Work instructions: What is needed is an exact reproduction of the lines in the records below, starting at the line with "Flowers Word Search" and ending at the line with "Navi Mumbai's Central Park Things to Do", both included, and nothing else; pictures stay out.

Material supplied:
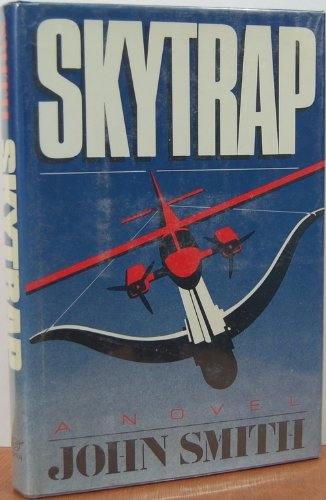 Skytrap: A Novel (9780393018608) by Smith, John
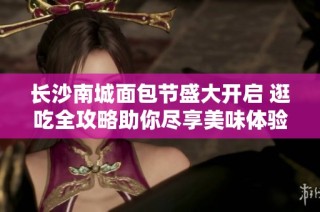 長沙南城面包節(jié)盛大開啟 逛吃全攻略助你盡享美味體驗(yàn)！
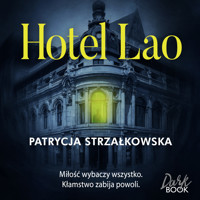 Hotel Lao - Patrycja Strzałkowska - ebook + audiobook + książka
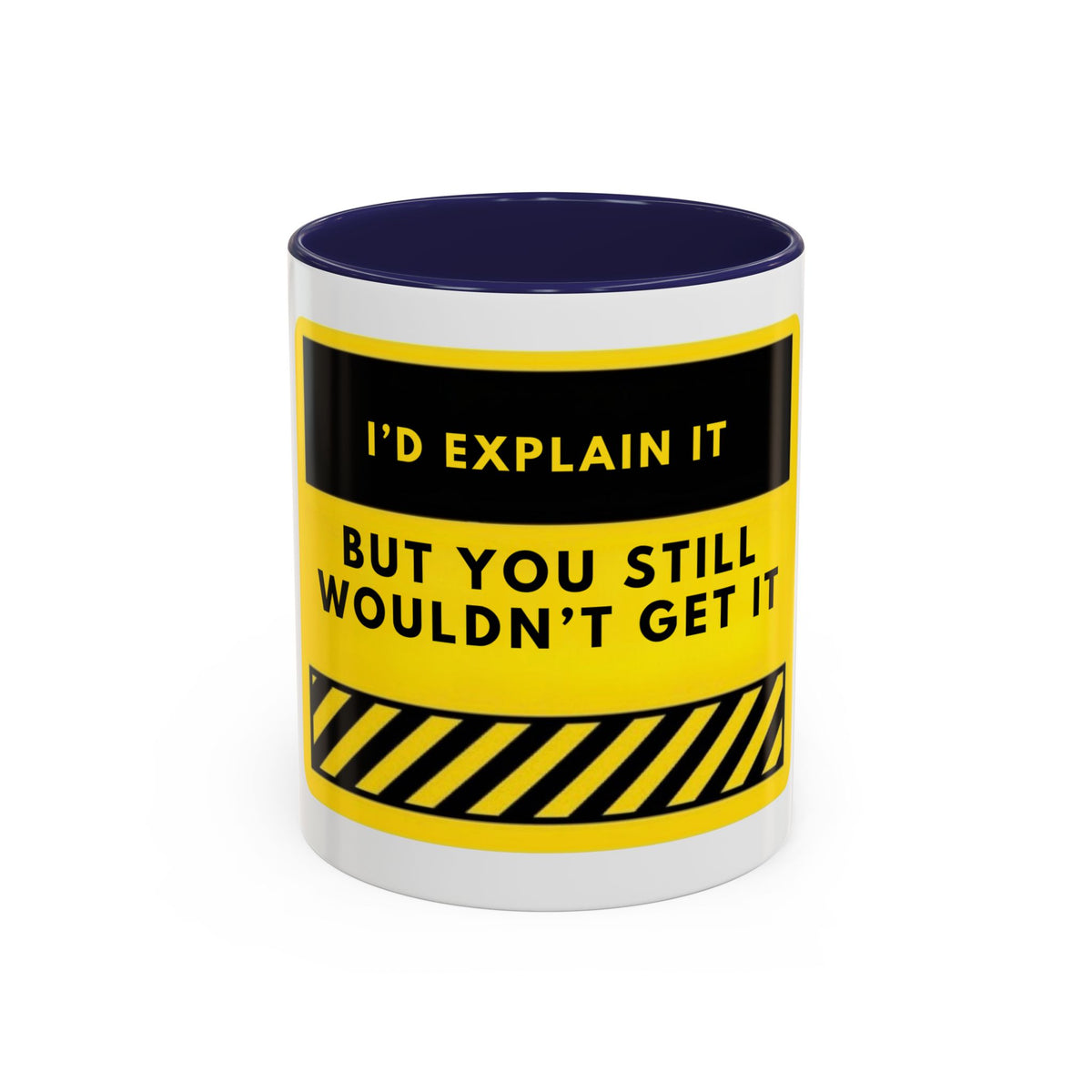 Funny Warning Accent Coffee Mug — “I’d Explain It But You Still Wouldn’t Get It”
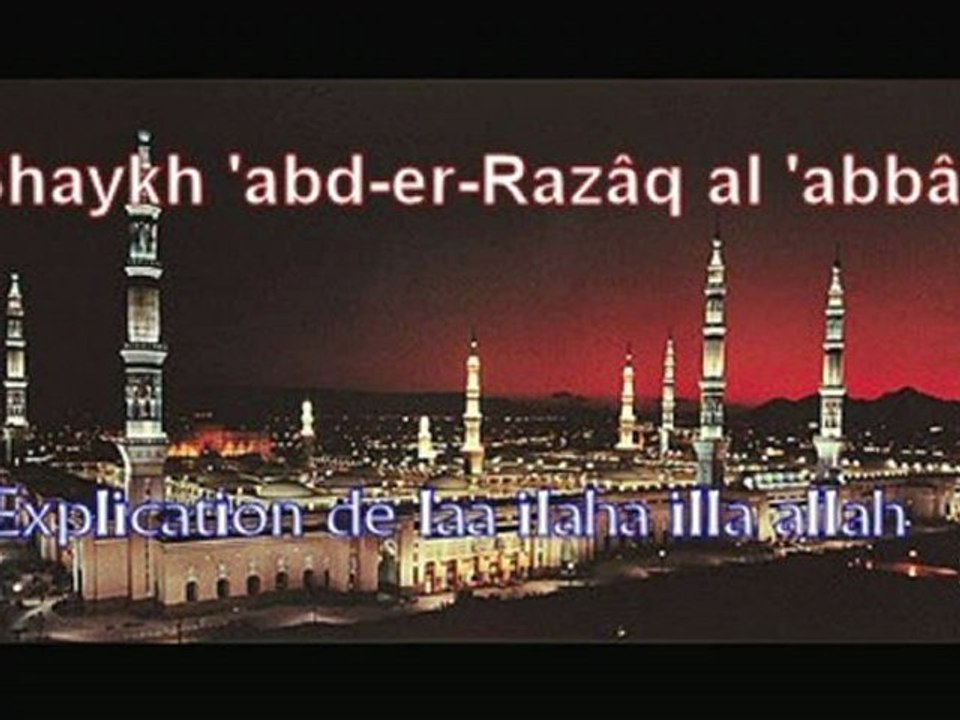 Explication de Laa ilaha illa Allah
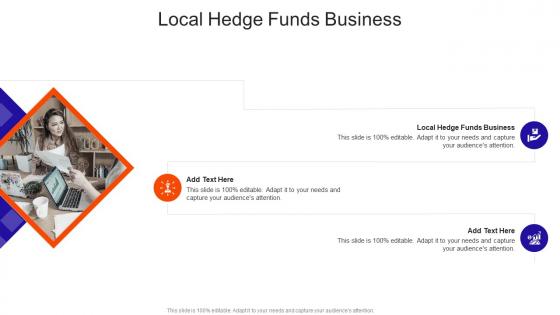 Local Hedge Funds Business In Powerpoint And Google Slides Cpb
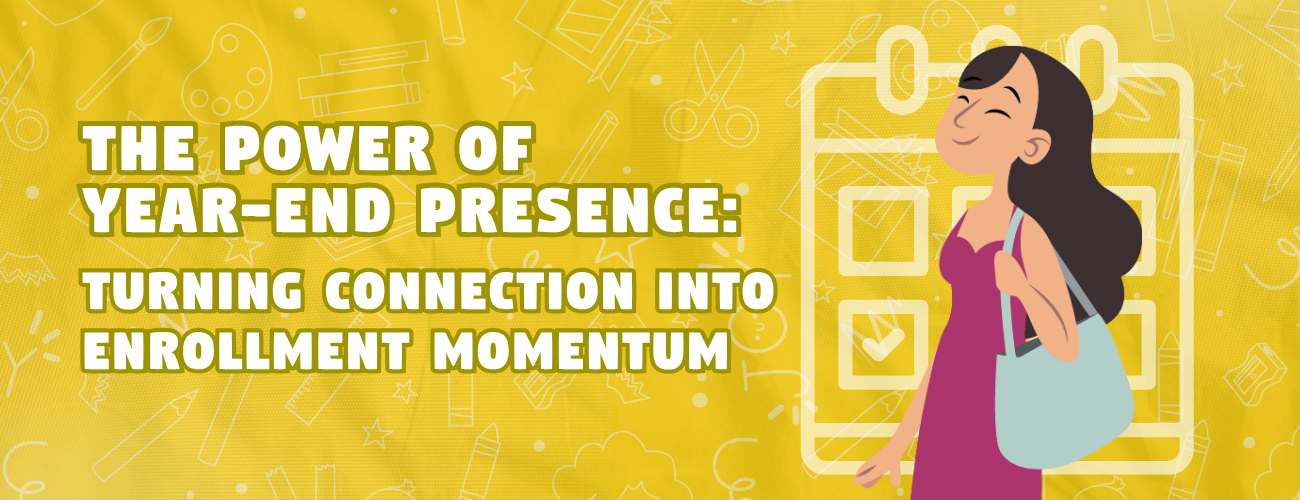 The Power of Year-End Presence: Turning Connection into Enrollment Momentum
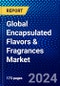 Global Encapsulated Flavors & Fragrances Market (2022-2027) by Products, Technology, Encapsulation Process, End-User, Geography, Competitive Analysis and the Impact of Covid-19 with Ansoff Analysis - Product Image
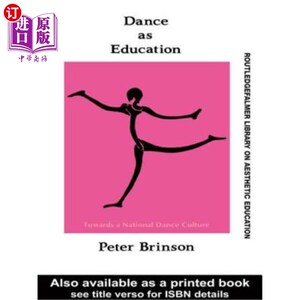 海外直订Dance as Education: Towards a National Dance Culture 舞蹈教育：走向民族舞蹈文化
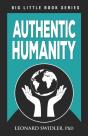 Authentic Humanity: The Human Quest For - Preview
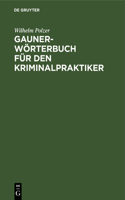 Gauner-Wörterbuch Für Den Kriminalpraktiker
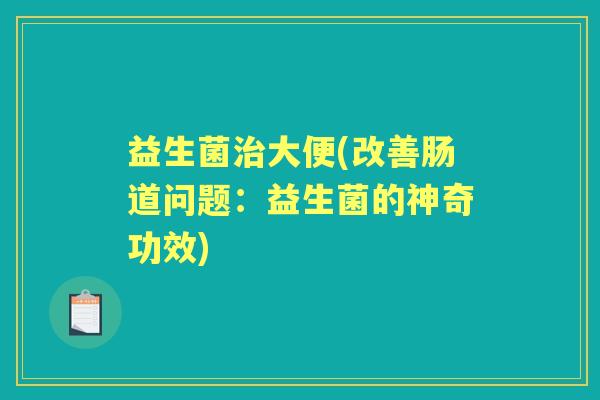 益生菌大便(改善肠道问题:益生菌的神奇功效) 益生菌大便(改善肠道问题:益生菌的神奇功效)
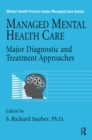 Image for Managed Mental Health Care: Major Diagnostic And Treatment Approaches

==

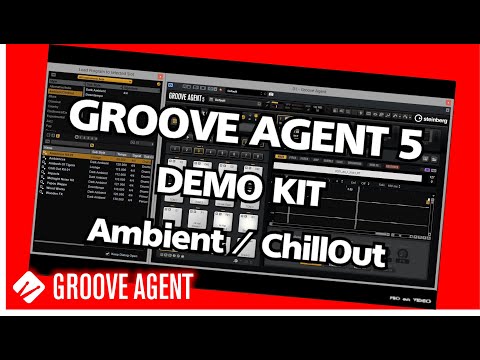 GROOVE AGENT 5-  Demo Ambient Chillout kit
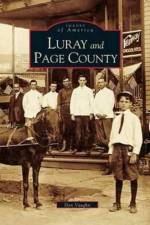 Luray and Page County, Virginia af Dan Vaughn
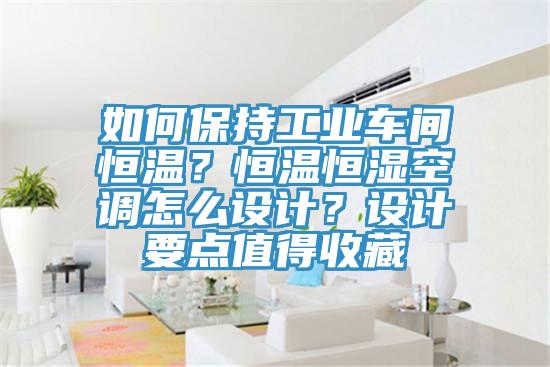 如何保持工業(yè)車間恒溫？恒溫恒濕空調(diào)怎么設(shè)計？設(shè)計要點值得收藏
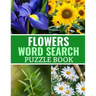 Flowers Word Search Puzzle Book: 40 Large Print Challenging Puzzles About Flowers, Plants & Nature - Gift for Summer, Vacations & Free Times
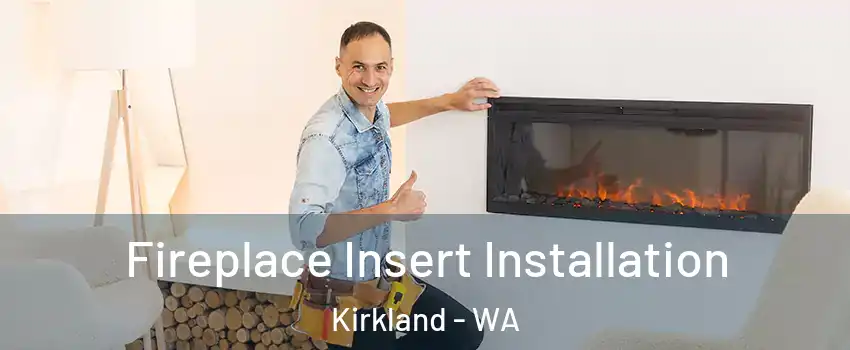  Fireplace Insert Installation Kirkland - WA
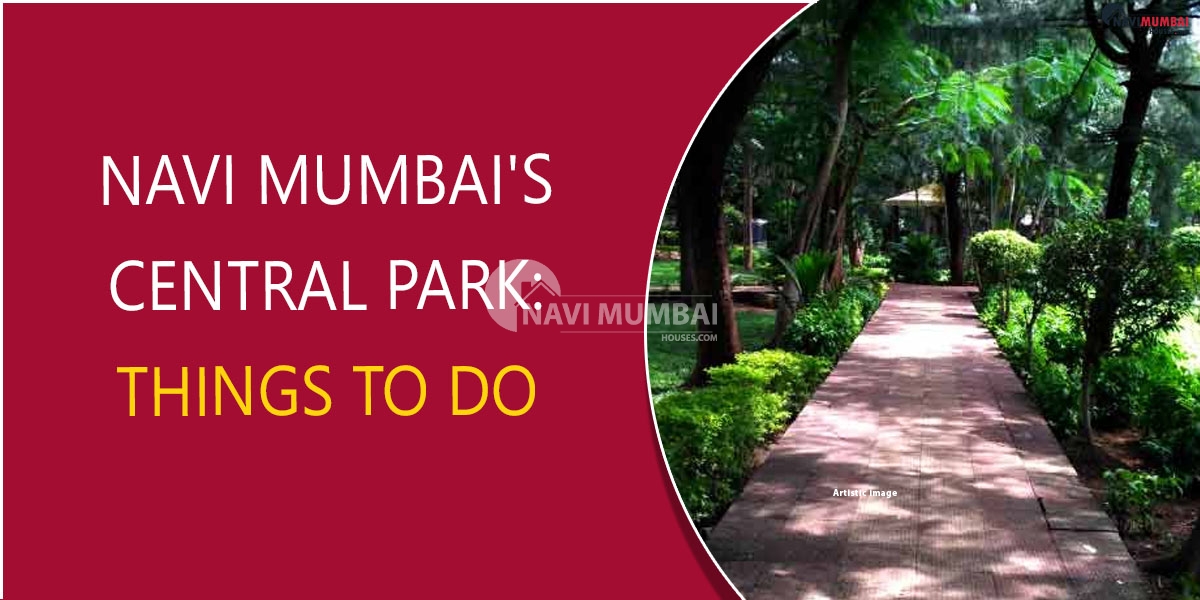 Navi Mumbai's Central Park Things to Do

--

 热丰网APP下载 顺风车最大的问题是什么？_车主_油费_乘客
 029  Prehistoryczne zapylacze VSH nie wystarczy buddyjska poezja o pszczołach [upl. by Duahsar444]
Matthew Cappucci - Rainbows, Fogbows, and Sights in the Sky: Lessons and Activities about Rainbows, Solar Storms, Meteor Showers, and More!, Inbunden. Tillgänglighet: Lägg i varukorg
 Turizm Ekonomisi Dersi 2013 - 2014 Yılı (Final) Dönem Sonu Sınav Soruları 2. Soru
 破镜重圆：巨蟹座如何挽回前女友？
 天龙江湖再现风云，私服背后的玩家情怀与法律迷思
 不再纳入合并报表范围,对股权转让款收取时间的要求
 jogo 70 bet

Task result:
 Flowers Word Search Puzzle Book: 40 Large Print Challenging Puzzles About Flowers, Plants & Nature - Gift for Summer, Vacations & Free Times
  Fireplace Insert Installation Kirkland - WA
 Navi Mumbai's Central Park Things to Do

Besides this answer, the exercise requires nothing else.